REQUIRED WORK:
Look through the data below for the line with "2013 Mazda Mazda CX-5 Touring" and the line with "featured 3488841 364x230", then output those two and all lines in between, exactly as written.

Excerpts from a dataset:
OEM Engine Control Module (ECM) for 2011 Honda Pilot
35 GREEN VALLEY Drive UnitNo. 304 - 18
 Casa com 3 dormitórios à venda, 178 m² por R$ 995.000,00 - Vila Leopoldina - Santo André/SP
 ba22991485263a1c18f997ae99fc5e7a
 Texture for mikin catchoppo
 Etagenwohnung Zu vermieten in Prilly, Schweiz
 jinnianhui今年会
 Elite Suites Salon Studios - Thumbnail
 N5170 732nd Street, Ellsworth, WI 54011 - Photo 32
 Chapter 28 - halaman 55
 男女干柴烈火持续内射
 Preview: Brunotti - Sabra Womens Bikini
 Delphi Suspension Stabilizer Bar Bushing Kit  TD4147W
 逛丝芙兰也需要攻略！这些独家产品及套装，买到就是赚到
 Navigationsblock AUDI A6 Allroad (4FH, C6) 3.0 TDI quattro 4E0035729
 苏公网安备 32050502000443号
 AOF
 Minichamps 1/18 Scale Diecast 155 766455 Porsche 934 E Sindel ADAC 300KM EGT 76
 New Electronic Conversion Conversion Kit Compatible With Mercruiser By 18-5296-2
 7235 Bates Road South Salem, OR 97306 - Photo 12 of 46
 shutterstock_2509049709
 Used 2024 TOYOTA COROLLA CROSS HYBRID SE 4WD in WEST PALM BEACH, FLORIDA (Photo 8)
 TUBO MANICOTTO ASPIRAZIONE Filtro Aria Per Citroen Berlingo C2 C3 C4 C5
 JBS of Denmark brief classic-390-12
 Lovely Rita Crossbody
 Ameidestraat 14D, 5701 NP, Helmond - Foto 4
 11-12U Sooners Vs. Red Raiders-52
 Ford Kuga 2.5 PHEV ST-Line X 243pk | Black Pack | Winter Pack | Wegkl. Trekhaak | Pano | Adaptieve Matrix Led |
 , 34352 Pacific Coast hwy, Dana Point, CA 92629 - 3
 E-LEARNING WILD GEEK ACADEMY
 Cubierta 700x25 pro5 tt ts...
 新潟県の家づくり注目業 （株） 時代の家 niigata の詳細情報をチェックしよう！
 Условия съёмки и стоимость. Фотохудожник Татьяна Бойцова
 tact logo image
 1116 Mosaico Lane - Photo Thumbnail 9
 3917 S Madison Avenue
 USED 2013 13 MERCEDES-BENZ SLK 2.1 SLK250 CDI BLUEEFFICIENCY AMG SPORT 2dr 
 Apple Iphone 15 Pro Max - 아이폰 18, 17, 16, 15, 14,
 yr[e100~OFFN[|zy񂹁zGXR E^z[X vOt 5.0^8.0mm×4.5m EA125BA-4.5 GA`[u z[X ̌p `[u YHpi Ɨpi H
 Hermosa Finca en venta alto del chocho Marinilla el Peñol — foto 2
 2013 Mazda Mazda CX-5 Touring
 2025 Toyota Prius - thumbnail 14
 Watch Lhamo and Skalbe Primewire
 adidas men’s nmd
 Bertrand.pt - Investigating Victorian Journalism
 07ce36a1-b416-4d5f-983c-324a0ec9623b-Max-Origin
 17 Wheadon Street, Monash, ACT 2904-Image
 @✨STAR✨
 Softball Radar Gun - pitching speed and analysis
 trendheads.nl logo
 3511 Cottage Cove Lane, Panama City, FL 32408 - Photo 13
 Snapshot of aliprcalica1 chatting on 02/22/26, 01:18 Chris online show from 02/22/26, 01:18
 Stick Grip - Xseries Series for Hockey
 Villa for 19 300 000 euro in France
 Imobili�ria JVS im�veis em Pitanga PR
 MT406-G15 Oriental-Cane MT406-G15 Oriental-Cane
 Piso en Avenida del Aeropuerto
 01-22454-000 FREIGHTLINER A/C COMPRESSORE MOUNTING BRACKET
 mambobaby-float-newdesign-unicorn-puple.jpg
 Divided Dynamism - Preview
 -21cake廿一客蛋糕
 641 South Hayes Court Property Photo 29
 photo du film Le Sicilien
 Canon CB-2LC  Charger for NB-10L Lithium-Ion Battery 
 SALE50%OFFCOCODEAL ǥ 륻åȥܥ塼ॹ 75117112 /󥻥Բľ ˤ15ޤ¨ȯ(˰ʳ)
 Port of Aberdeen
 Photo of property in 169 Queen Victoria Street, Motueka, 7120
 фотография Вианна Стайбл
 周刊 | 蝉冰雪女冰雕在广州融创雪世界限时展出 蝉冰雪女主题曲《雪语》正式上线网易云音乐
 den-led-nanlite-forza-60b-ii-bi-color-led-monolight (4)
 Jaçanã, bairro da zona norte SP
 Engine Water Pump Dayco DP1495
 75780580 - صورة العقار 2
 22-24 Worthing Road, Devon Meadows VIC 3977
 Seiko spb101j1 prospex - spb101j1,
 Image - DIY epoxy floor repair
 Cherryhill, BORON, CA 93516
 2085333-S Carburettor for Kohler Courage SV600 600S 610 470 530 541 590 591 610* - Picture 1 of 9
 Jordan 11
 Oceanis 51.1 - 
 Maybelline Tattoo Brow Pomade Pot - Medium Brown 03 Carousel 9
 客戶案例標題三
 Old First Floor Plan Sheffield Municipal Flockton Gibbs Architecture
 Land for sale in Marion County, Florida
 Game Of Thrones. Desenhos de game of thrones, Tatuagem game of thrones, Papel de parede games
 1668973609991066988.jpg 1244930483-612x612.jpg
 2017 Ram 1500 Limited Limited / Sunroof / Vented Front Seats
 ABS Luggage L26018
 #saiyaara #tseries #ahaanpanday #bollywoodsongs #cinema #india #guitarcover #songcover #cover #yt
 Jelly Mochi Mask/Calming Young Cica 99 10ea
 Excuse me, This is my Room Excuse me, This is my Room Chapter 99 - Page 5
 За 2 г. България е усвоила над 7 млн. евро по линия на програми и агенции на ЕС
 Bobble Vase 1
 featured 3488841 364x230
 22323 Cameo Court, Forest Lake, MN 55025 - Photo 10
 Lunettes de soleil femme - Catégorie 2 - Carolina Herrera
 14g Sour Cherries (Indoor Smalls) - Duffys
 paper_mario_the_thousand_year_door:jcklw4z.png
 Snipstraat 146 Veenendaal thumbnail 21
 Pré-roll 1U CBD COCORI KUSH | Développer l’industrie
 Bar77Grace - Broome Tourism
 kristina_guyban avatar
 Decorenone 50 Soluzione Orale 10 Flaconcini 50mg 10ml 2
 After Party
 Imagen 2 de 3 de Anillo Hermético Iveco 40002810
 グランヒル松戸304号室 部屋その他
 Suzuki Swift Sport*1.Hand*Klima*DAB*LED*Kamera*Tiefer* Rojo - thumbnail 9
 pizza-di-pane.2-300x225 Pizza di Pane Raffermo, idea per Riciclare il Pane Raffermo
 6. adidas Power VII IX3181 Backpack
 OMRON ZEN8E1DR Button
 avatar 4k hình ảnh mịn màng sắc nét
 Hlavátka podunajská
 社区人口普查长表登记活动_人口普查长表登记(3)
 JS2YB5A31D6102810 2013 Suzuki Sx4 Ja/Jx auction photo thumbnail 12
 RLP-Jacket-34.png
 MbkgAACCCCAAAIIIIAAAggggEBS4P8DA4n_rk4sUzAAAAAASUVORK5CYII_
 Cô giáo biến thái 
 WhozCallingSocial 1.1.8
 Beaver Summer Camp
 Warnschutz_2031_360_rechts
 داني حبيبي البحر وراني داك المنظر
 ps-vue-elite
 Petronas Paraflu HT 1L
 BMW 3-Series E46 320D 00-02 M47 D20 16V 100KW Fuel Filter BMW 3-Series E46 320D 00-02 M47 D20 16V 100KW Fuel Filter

TASK RESULT:
 2013 Mazda Mazda CX-5 Touring
 2025 Toyota Prius - thumbnail 14
 Watch Lhamo and Skalbe Primewire
 adidas men’s nmd
 Bertrand.pt - Investigating Victorian Journalism
 07ce36a1-b416-4d5f-983c-324a0ec9623b-Max-Origin
 17 Wheadon Street, Monash, ACT 2904-Image
 @✨STAR✨
 Softball Radar Gun - pitching speed and analysis
 trendheads.nl logo
 3511 Cottage Cove Lane, Panama City, FL 32408 - Photo 13
 Snapshot of aliprcalica1 chatting on 02/22/26, 01:18 Chris online show from 02/22/26, 01:18
 Stick Grip - Xseries Series for Hockey
 Villa for 19 300 000 euro in France
 Imobili�ria JVS im�veis em Pitanga PR
 MT406-G15 Oriental-Cane MT406-G15 Oriental-Cane
 Piso en Avenida del Aeropuerto
 01-22454-000 FREIGHTLINER A/C COMPRESSORE MOUNTING BRACKET
 mambobaby-float-newdesign-unicorn-puple.jpg
 Divided Dynamism - Preview
 -21cake廿一客蛋糕
 641 South Hayes Court Property Photo 29
 photo du film Le Sicilien
 Canon CB-2LC  Charger for NB-10L Lithium-Ion Battery 
 SALE50%OFFCOCODEAL ǥ 륻åȥܥ塼ॹ 75117112 /󥻥Բľ ˤ15ޤ¨ȯ(˰ʳ)
 Port of Aberdeen
 Photo of property in 169 Queen Victoria Street, Motueka, 7120
 фотография Вианна Стайбл
 周刊 | 蝉冰雪女冰雕在广州融创雪世界限时展出 蝉冰雪女主题曲《雪语》正式上线网易云音乐
 den-led-nanlite-forza-60b-ii-bi-color-led-monolight (4)
 Jaçanã, bairro da zona norte SP
 Engine Water Pump Dayco DP1495
 75780580 - صورة العقار 2
 22-24 Worthing Road, Devon Meadows VIC 3977
 Seiko spb101j1 prospex - spb101j1,
 Image - DIY epoxy floor repair
 Cherryhill, BORON, CA 93516
 2085333-S Carburettor for Kohler Courage SV600 600S 610 470 530 541 590 591 610* - Picture 1 of 9
 Jordan 11
 Oceanis 51.1 - 
 Maybelline Tattoo Brow Pomade Pot - Medium Brown 03 Carousel 9
 客戶案例標題三
 Old First Floor Plan Sheffield Municipal Flockton Gibbs Architecture
 Land for sale in Marion County, Florida
 Game Of Thrones. Desenhos de game of thrones, Tatuagem game of thrones, Papel de parede games
 1668973609991066988.jpg 1244930483-612x612.jpg
 2017 Ram 1500 Limited Limited / Sunroof / Vented Front Seats
 ABS Luggage L26018
 #saiyaara #tseries #ahaanpanday #bollywoodsongs #cinema #india #guitarcover #songcover #cover #yt
 Jelly Mochi Mask/Calming Young Cica 99 10ea
 Excuse me, This is my Room Excuse me, This is my Room Chapter 99 - Page 5
 За 2 г. България е усвоила над 7 млн. евро по линия на програми и агенции на ЕС
 Bobble Vase 1
 featured 3488841 364x230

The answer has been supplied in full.